O hotel deve utilizar a 'Execução de Contrato' (Artigo 7º, V) como base legal para processar dados de conexão de hóspedes registrados, uma vez que o acesso à internet é uma comodidade contratada na reserva do quarto. Eles podem implementar a autenticação baseada em perfil (como o Passpoint) vinculada ao perfil de reserva do hóspede. Para não hóspedes (por exemplo, participantes de conferências ou clientes de restaurantes), a rede deve segmentá-los para um Captive Portal padrão que dependa de 'Consentimento' explícito (Artigo 7º, I).

Comentário do examinador: Isso demonstra um pensamento arquitetônico avançado ao segmentar os tipos de usuários e aplicar a base legal mais apropriada a cada um, reduzindo assim o atrito para usuários de alto valor e mantendo uma conformidade estrita.

Questões práticas

Q1. Sua equipe de marketing deseja implementar um novo Captive Portal em suas unidades de São Paulo que exige que os usuários forneçam seu endereço de e-mail e concordem em receber ofertas promocionais antes de poderem acessar o WiFi gratuito. Como arquiteto de rede, como você deve responder?

Dica: Considere os requisitos da LGPD para que o consentimento seja 'livremente fornecido' e o conceito de venda casada de consentimento.

Ver resposta modelo

Você deve rejeitar essa arquitetura. Sob a LGPD, o consentimento deve ser livremente fornecido. Condicionar a prestação de um serviço (acesso ao WiFi) ao consentimento para uma finalidade não relacionada (comunicações de marketing) invalida o consentimento. O portal deve ser redesenhado com duas caixas de seleção separadas: uma caixa de seleção obrigatória para aceitar os termos de serviço da rede e uma caixa de seleção opcional e desmarcada para comunicações de marketing.

Q2. Um usuário que se conectou ao WiFi do seu estádio há seis meses envia uma solicitação formal para que todos os seus dados sejam excluídos sob a LGPD. Seu sistema automatizado está configurado para limpar o perfil dele no CRM, mas a equipe de engenharia de rede aponta que a exclusão dos logs de conexão viola o Marco Civil. Como você resolve esse conflito?

Dica: Avalie a hierarquia e a interação entre os direitos dos titulares de dados da LGPD e as obrigações legais de retenção.

Ver resposta modelo

Você deve executar uma exclusão parcial. Sob a LGPD, o direito à exclusão não é absoluto; ele não se sobrepõe às obrigações legais. Você deve excluir os dados de marketing e perfil do usuário das plataformas de CRM e análise. No entanto, você deve reter os logs de conexão essenciais (IP, MAC, carimbos de data/hora) pelo restante do período de 1 ano exigido pelo Artigo 13 do Marco Civil. Você deve responder ao usuário em até 15 dias explicando exatamente o que foi excluído e por que os logs de conexão foram retidos.

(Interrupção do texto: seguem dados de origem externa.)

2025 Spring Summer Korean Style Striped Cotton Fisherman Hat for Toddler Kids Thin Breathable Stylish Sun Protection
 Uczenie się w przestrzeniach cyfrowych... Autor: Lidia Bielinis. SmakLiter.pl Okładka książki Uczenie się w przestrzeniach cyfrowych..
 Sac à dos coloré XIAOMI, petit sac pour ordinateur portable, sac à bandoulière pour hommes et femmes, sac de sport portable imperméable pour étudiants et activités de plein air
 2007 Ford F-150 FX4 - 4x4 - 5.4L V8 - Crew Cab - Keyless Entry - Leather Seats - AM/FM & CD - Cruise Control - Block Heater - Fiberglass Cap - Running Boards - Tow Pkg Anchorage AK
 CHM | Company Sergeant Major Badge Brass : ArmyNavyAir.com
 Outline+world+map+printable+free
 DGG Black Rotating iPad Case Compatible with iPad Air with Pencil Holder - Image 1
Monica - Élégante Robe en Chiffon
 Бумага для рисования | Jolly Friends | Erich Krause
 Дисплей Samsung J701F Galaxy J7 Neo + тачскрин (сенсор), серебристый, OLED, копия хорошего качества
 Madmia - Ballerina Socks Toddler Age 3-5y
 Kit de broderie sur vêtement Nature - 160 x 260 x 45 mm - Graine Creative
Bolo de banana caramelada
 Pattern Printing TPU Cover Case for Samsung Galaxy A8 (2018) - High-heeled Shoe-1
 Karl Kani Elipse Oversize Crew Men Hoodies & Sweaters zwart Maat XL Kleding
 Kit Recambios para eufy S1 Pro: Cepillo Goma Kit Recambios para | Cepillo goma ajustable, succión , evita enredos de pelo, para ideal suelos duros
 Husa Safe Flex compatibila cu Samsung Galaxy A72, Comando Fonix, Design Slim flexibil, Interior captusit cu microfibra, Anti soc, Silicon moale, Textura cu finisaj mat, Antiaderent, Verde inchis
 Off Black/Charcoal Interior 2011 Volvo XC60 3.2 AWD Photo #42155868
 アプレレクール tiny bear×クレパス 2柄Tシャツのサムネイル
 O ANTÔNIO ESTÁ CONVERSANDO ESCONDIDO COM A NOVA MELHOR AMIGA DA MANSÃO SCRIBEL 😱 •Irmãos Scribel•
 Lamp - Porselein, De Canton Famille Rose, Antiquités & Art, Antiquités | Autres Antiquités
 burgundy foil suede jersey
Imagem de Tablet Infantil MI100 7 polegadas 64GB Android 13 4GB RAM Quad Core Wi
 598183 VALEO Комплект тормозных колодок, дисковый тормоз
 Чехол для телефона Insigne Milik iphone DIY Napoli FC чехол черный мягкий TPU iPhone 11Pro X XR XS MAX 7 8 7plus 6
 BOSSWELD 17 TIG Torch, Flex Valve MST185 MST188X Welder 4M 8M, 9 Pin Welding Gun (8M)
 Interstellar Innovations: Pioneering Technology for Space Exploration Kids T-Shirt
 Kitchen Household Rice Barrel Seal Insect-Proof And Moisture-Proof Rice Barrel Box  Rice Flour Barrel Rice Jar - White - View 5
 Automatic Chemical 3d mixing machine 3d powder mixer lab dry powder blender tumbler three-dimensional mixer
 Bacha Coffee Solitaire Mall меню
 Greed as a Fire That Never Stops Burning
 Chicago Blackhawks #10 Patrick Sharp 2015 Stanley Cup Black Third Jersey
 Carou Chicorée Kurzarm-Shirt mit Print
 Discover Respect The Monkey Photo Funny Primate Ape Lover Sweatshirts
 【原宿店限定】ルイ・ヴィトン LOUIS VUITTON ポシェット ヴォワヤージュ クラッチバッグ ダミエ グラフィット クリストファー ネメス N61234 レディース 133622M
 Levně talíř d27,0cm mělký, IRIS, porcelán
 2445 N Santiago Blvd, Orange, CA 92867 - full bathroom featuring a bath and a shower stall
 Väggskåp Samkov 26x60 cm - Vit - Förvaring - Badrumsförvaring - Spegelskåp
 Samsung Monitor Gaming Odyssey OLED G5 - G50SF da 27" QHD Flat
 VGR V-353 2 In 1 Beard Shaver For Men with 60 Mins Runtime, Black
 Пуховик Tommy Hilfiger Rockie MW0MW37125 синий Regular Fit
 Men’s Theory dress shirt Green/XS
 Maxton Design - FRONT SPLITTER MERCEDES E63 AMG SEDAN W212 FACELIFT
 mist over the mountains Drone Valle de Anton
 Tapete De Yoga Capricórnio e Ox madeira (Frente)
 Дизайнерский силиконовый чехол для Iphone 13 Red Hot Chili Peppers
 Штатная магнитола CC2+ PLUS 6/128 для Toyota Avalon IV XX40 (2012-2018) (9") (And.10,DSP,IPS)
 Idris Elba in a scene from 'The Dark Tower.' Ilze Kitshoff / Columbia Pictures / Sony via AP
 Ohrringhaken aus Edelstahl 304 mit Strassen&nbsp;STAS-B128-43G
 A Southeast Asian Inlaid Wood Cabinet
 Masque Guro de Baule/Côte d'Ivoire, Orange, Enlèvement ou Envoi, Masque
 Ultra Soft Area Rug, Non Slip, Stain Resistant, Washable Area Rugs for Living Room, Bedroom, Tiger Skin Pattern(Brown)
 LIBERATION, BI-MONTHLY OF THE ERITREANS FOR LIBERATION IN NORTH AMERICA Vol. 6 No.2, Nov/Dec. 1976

Q3. Você está migrando sua arquitetura de WiFi europeia para o Brasil. Seu processo atual de GDPR permite 30 dias para responder às Solicitações de Acesso do Titular dos Dados (DSARs) e depende de consultas manuais ao banco de dados pela equipe de TI. Por que isso é problemático para a implantação brasileira?

Dica: Compare os prazos de resposta legais entre as duas estruturas regulatórias.

Ver resposta modelo

Isso é problemático porque a LGPD estabelece um prazo de resposta de 15 dias para DSARs, exatamente a metade do tempo permitido pelo GDPR. Um processo de consulta manual que leva até 30 dias resultará em falhas de conformidade no Brasil. A equipe de TI deve implementar ferramentas automatizadas dentro da plataforma de análise para recuperar, compilar e exportar rapidamente os dados do usuário para atender ao SLA mais rígido de 15 dias.